The growth of the power of the council and of the departments of state.

 

d.

The attempt of the magnates to control them by controlling appointments.

 

e.

The attempt of the king to control them through the wardrobe and the chamber.

 

f.

Statutes that attempt to deal with social change, e.g., the statutes of labourers and statutes concerning livery and maintenance Mats. § 6G.

 

2.

General outline of the personal actions

 

a.

Debt, detinue, covenant, and account are the contract actions, all exist in the thirteenth century, and all are deficient from the point of view of plaintiff:

Debt—the necessity for a sum certain, the requirement of a quid pro quo, and wager of law

Detinue—only for specific goods, the problem of bailment, wager of law

Covenant—the requirement of a sealed instrument, no general damages

Account—eleborate procedure, manorial stewards and guardians in socage

 

b.

Trepass is the tort action

Trespass—vi et armis and contra pacem

Case—appears mid–14th century, the rise of the notion of negligence?

 

c.

Assumpsit—mysterious if we’re thinking in these terms, because it is a trespass action for breach of contract. In the 16th century it comes to replace debt and covenant, a development that is capped by Slade’s Case 1597–1602.

 

d.

16th & 17th centuries—case takes over: trover, nuisance, ejectment—the forms of action you learned in the first year (to the extent that you learned them at all) are all variants of the trespass action.

 

3.

Problems with this way of looking at it:

 

a.

Assumes that changes in the forms of action reflect changes in fundamental substantive ideas.

 

b.

It forgets about other courts.

 

c.

Our ideas are not theirs: property (real and personal), tort, and contract; owing vs. owning; obligation vs. property; money vs. fungibles vs. specific goods.

 

4.

Debt-detinue

 

a.

“The King to the sheriff greeting.

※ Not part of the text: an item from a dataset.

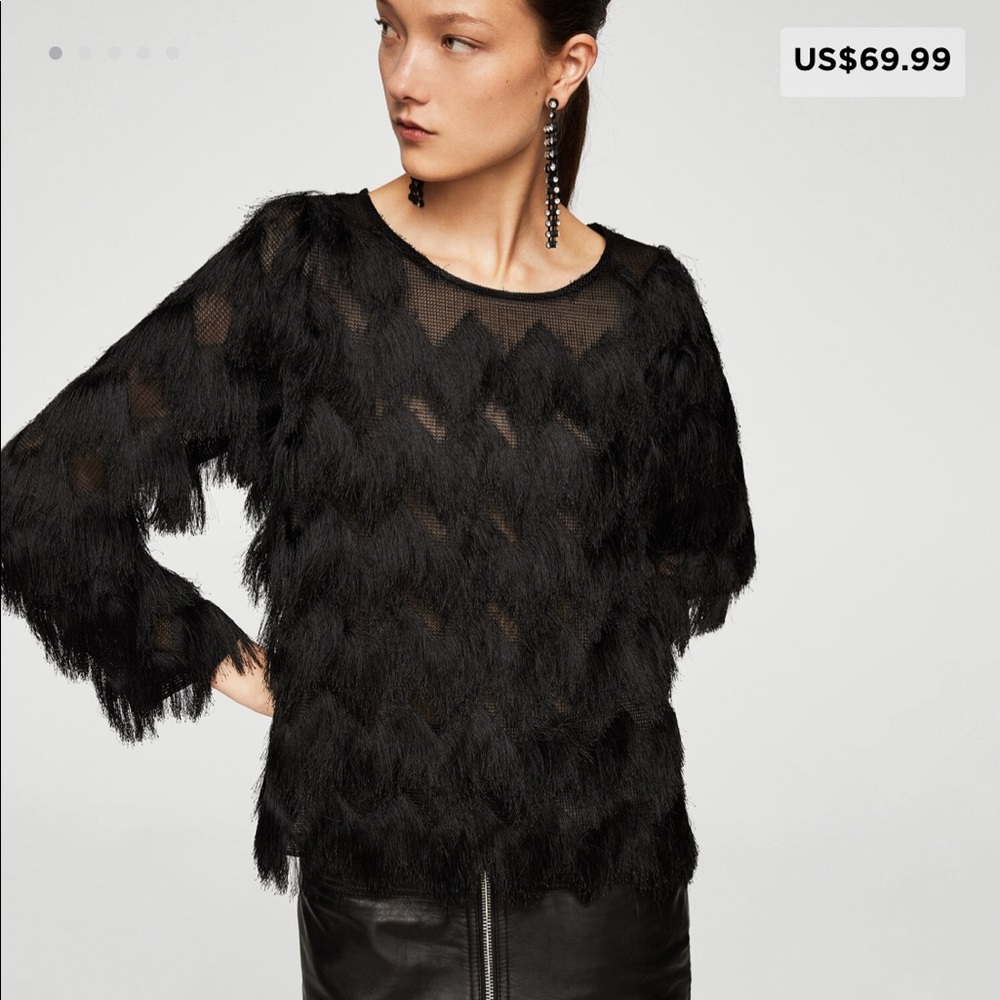 Mango Fringed Detail Blouse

Command N. that justly and without delay he render to R. one hundred marks which he owes, as he says, and whereof he complains that he unjustly deforces him. And unless he will do this, summon him by good summoners that he be before me or my justices at Westminster within fifteen days of the close of Easter to show [why he has not done it].” Glanvill, Mats. p. VII–3.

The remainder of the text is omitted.